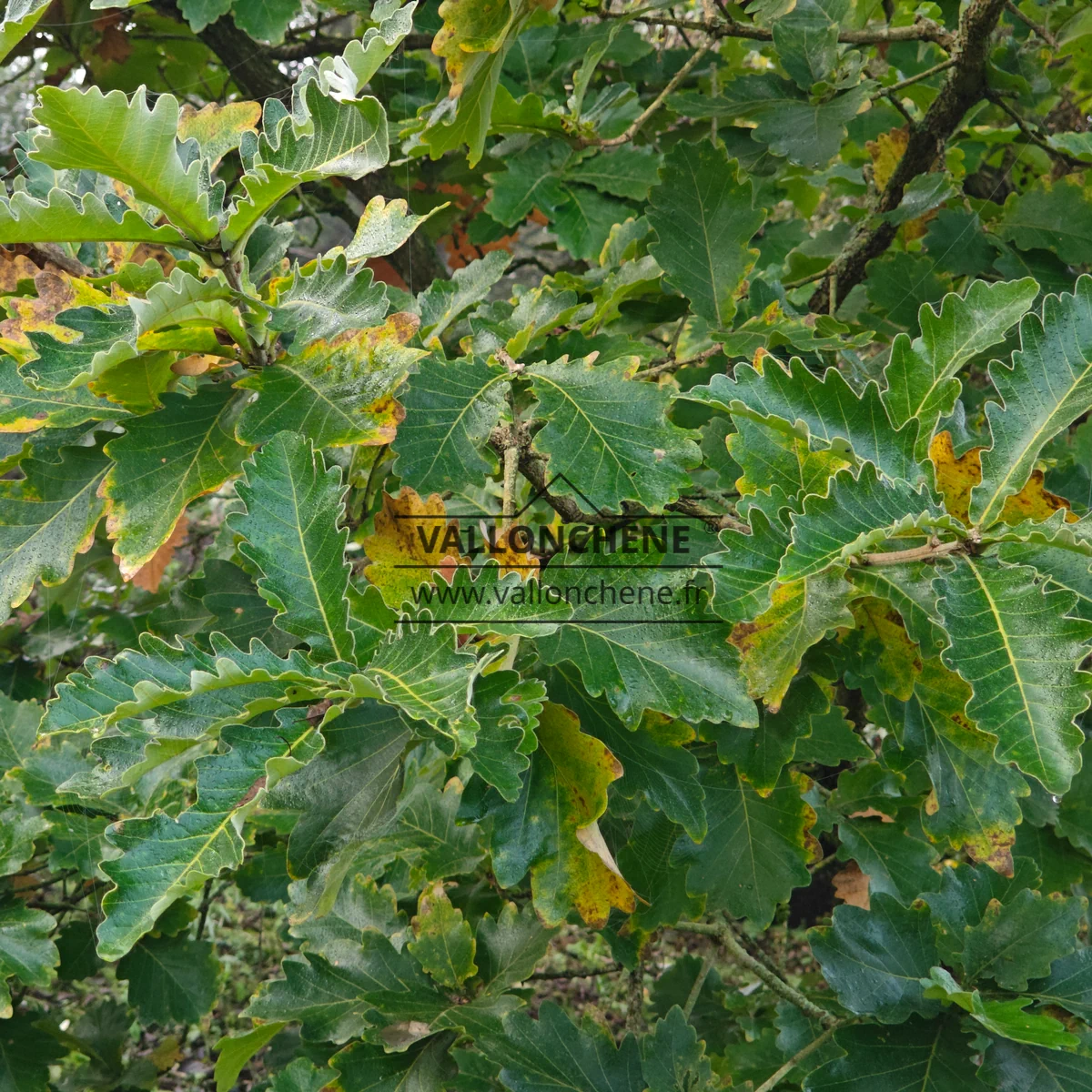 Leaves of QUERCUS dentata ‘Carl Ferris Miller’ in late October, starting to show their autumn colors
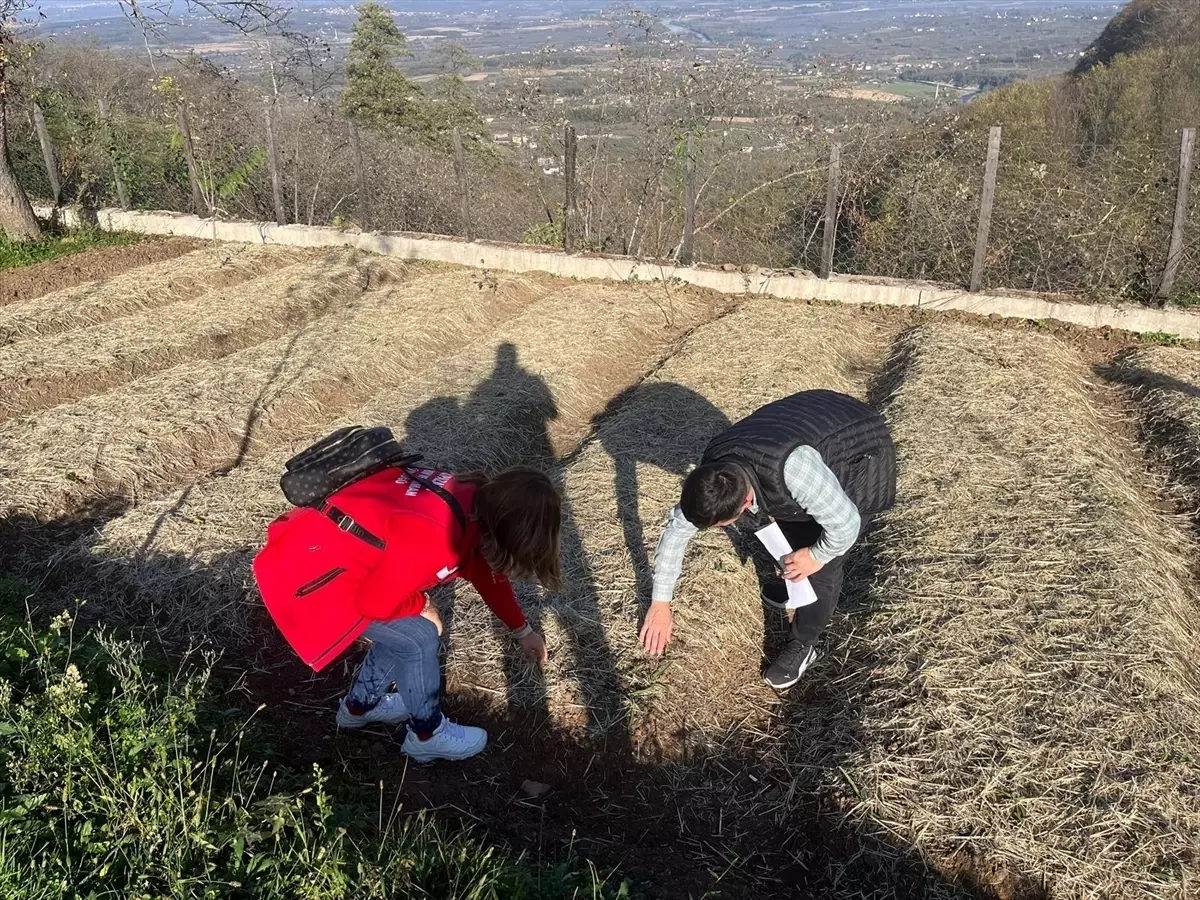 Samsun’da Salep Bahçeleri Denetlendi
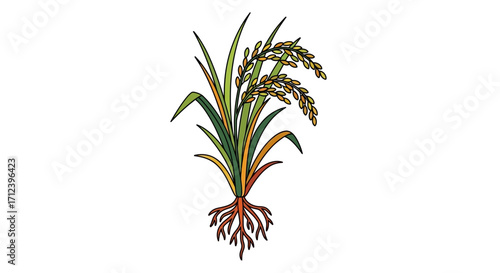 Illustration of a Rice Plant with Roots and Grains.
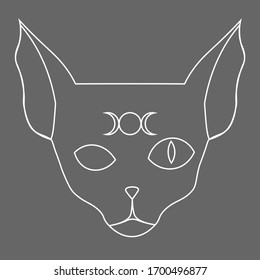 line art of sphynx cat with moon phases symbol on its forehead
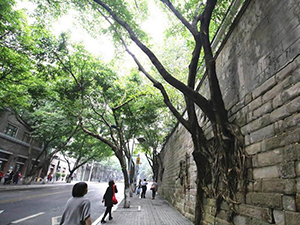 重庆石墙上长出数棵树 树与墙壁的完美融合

Task goal | In the answer, include exactly the lines from the one containing "line art of" through the end of the records above and no pictures at all.

Answer to this problem |
 line art of sphynx cat with moon phases symbol on its forehead
 重庆石墙上长出数棵树 树与墙壁的完美融合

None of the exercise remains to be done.